Dataset records:

((

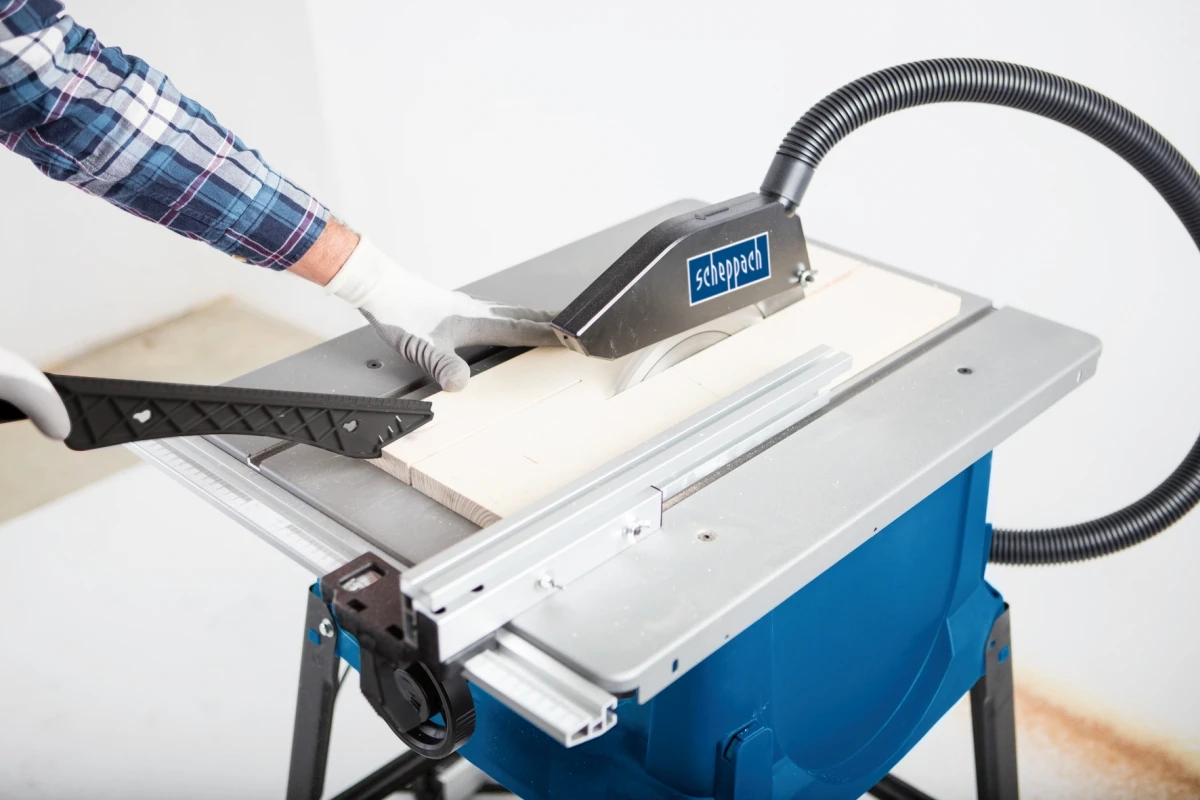 Scheppach Tafelcirkelzaag 10 HS100S 6 Scheppach Tafelcirkelzaag 10 HS100S - Afbeelding 4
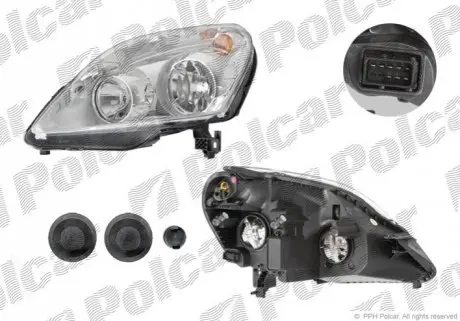 Фара основна Polcar 556309-U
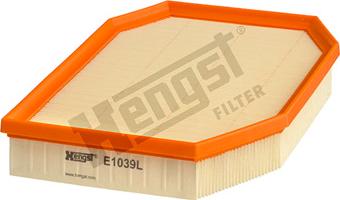 Hengst Filter E1039L - Filtro aria www.autoricambit.com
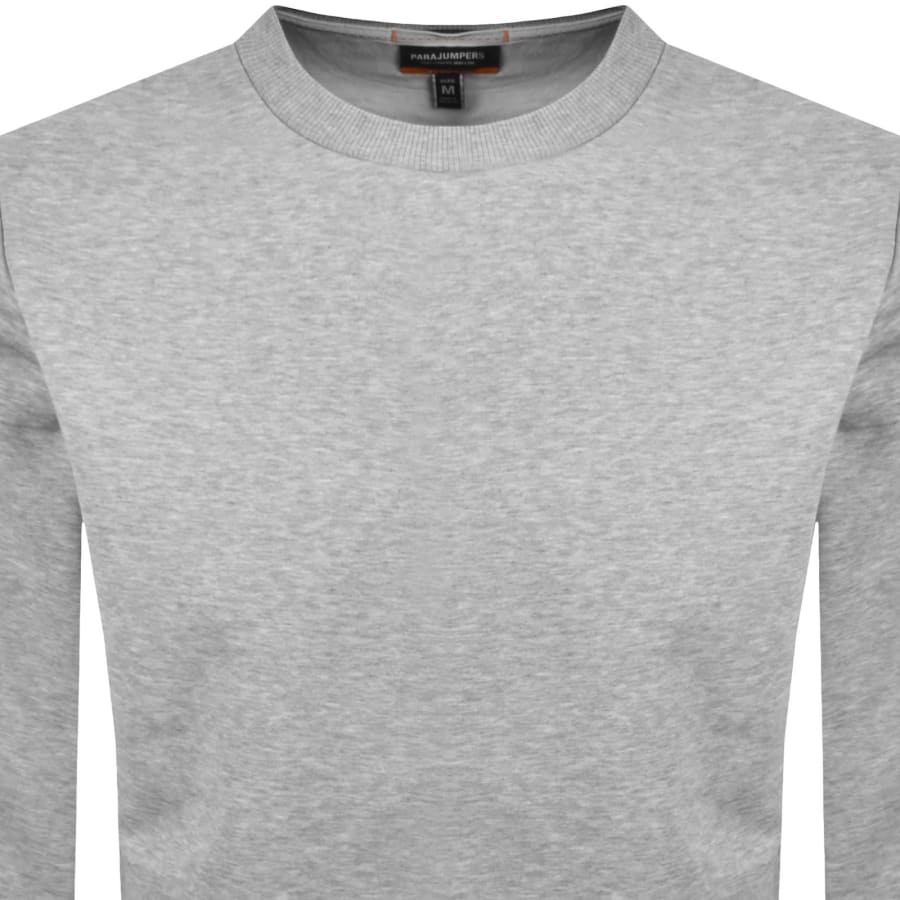 Image number 3 for Parajumpers K2 Sweatshirt Grey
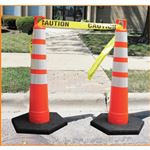 Stacker Cones - Orange Cone w/Collars 42"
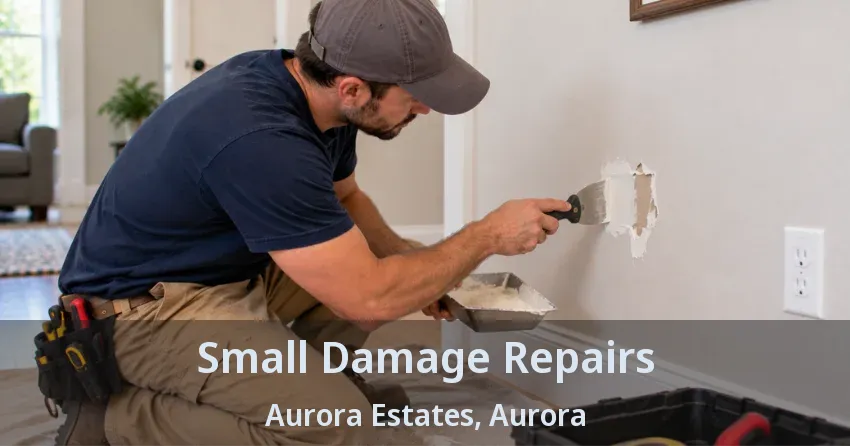 Small Damage Repairs Aurora Estates, Aurora - ON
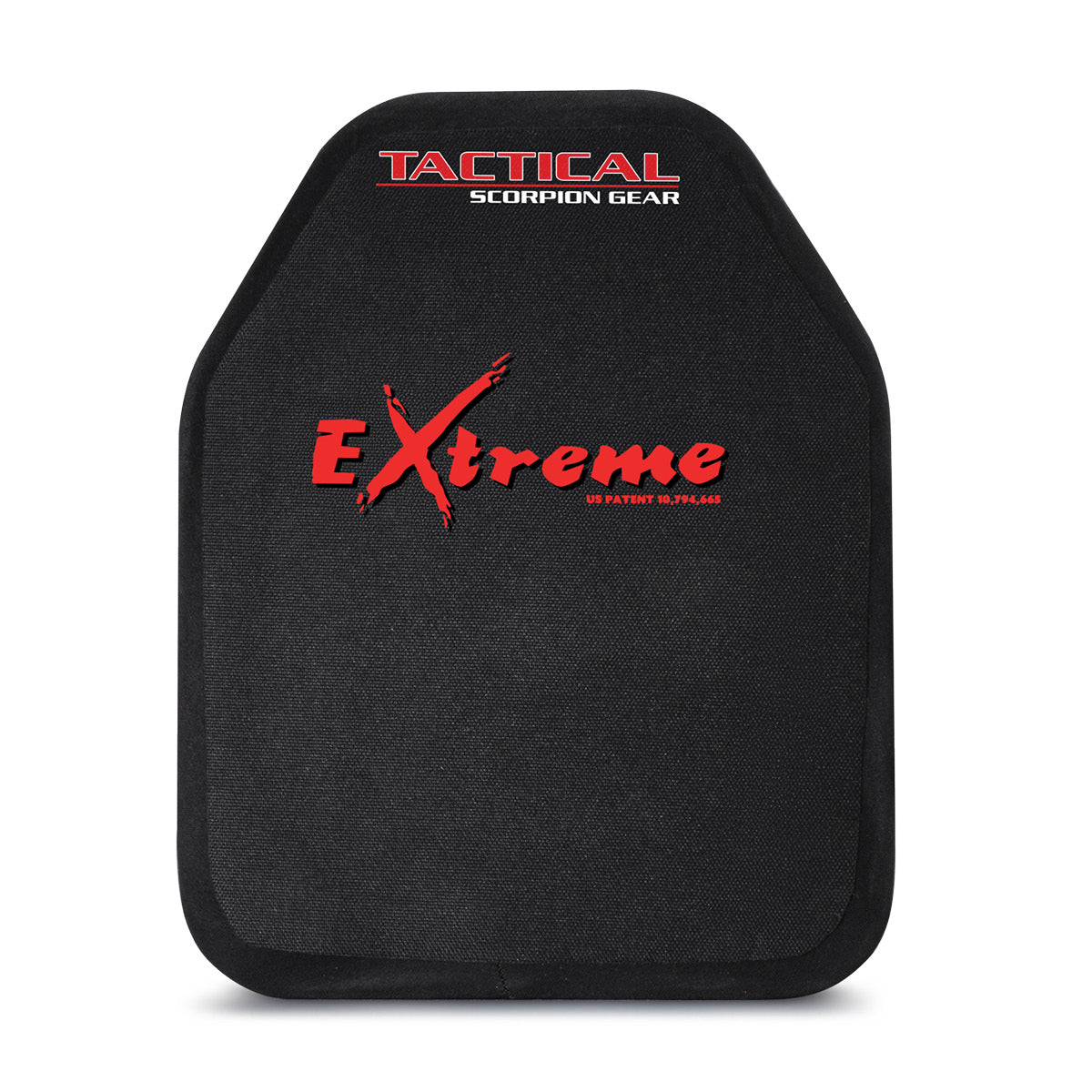 Tactical Scorpion Gear - Level III+, RF1&RF2 Extreme PE Body Armor 8x10 Plate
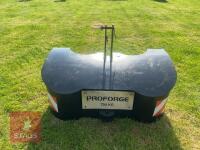 PROFORGE 750KG TRACTOR FRONT WEIGHT, ETC - 2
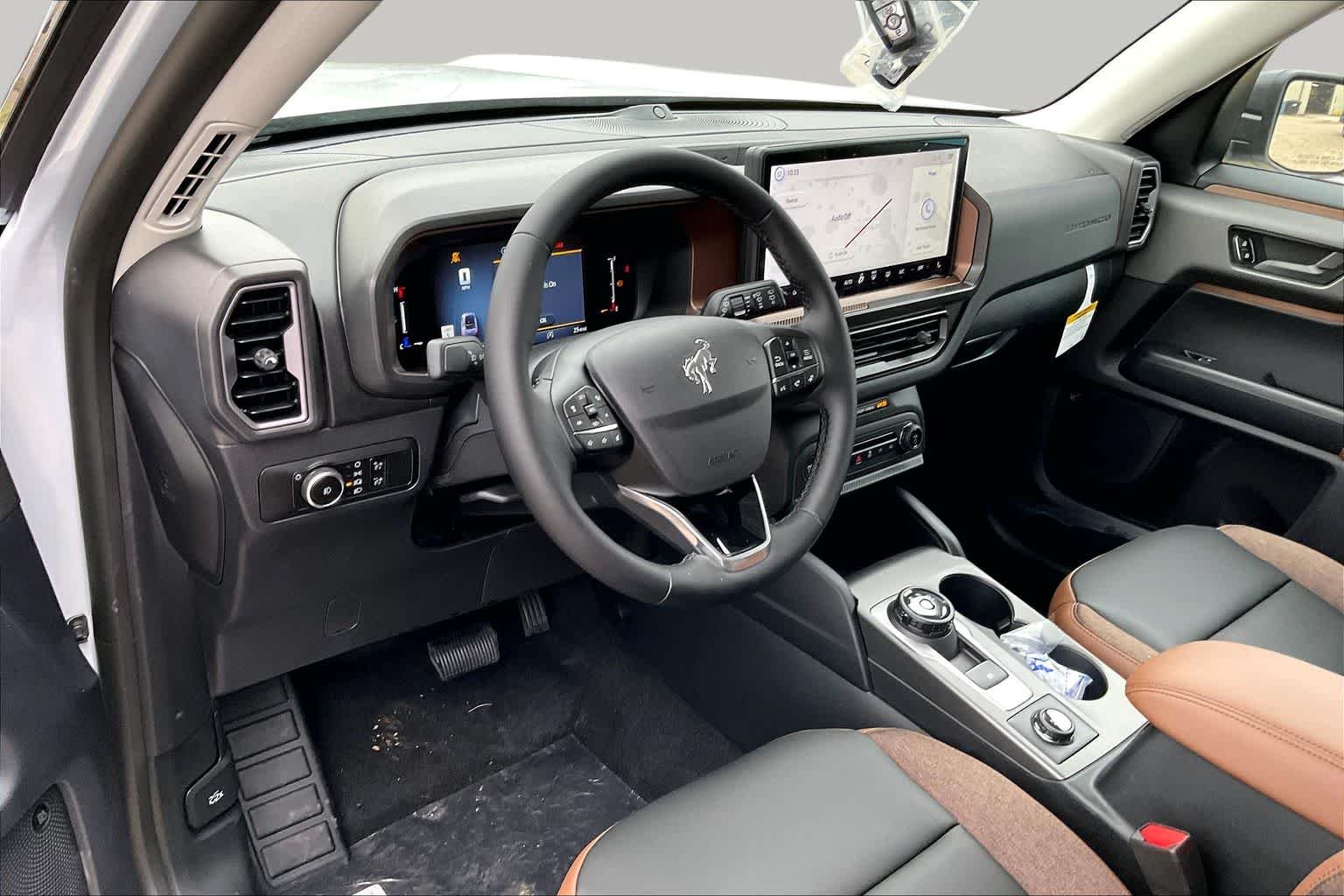 New 2026 Space White Metallic Ford Outer Banks® image 6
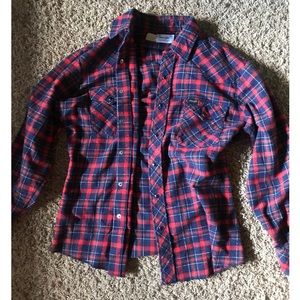 Vintage Wrangler flannel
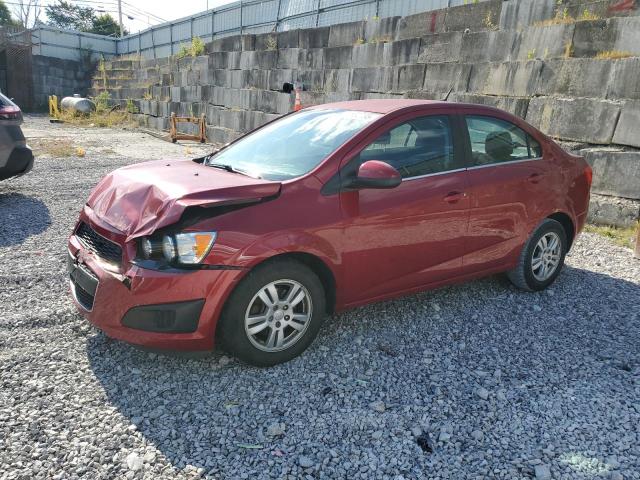 CHEVROLET SONIC LT 2013 with VIN 1G1JC5SG7D4208645 - Photo from auction
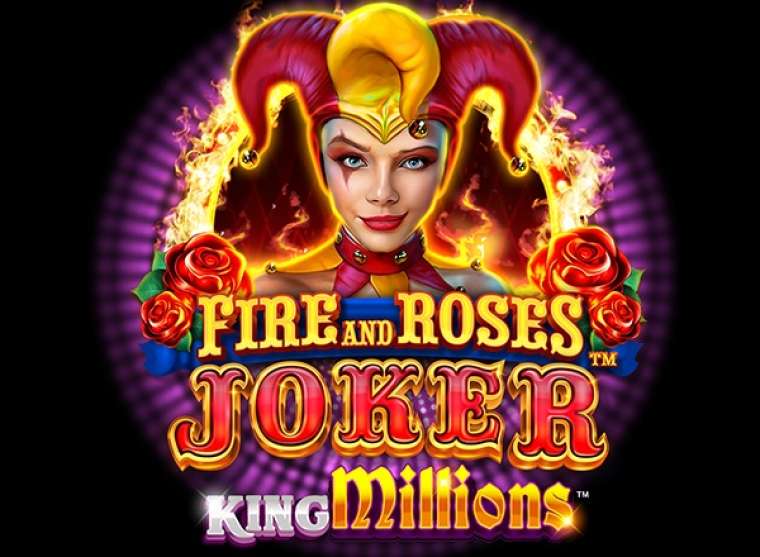 Play Fire and Roses Joker King Millions pokie NZ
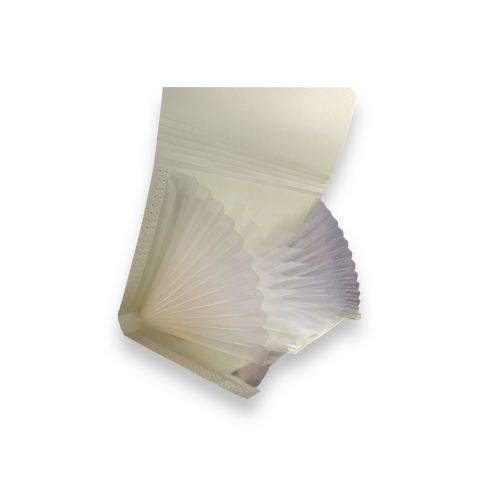 Maxx Cy-9654 Bölmeli Körüklü Dosya 13 Bölmeli - Pastel Sarı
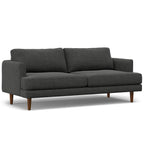 WYNDENHALL Chloris 76 inch Wide Mid-Century Modern Sofa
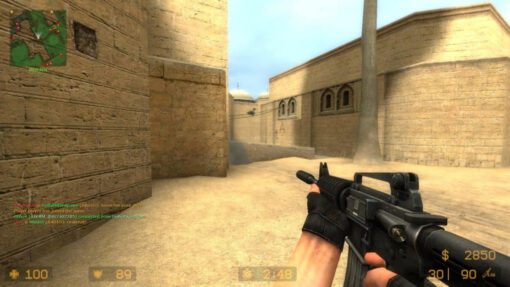 Counter-Strike: Source op Steam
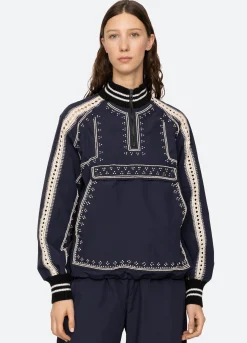 Women Sea New York Mille Windbreaker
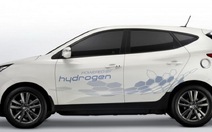 Hyundai Tucson chạy khí hydro tiếp bước xe điện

))

**TASK DIRECTIONS**
An exact copy of every entry, minus the pictures, is what you should return.

**RESULT OF THIS EXERCISE**
 Scheppach Tafelcirkelzaag 10 HS100S 6 Scheppach Tafelcirkelzaag 10 HS100S - Afbeelding 4
 Фара основна Polcar 556309-U
 Hengst Filter E1039L - Filtro aria www.autoricambit.com
 Image number 3 for Parajumpers K2 Sweatshirt Grey
 Stacker Cones - Orange Cone w/Collars 42"
 Small Damage Repairs Aurora Estates, Aurora - ON
 Tactical Scorpion Gear - Level III+, RF1&RF2 Extreme PE Body Armor 8x10 Plate
 PROFORGE 750KG TRACTOR FRONT WEIGHT, ETC - 2
 New 2026 Space White Metallic Ford Outer Banks® image 6
 Vintage Wrangler flannel
 CHEVROLET SONIC LT 2013 with VIN 1G1JC5SG7D4208645 - Photo from auction
 Play Fire and Roses Joker King Millions pokie NZ
 Maxx Cy-9654 Bölmeli Körüklü Dosya 13 Bölmeli - Pastel Sarı
 WYNDENHALL Chloris 76 inch Wide Mid-Century Modern Sofa
 Counter-Strike: Source op Steam
 Women Sea New York Mille Windbreaker
 Hyundai Tucson chạy khí hydro tiếp bước xe điện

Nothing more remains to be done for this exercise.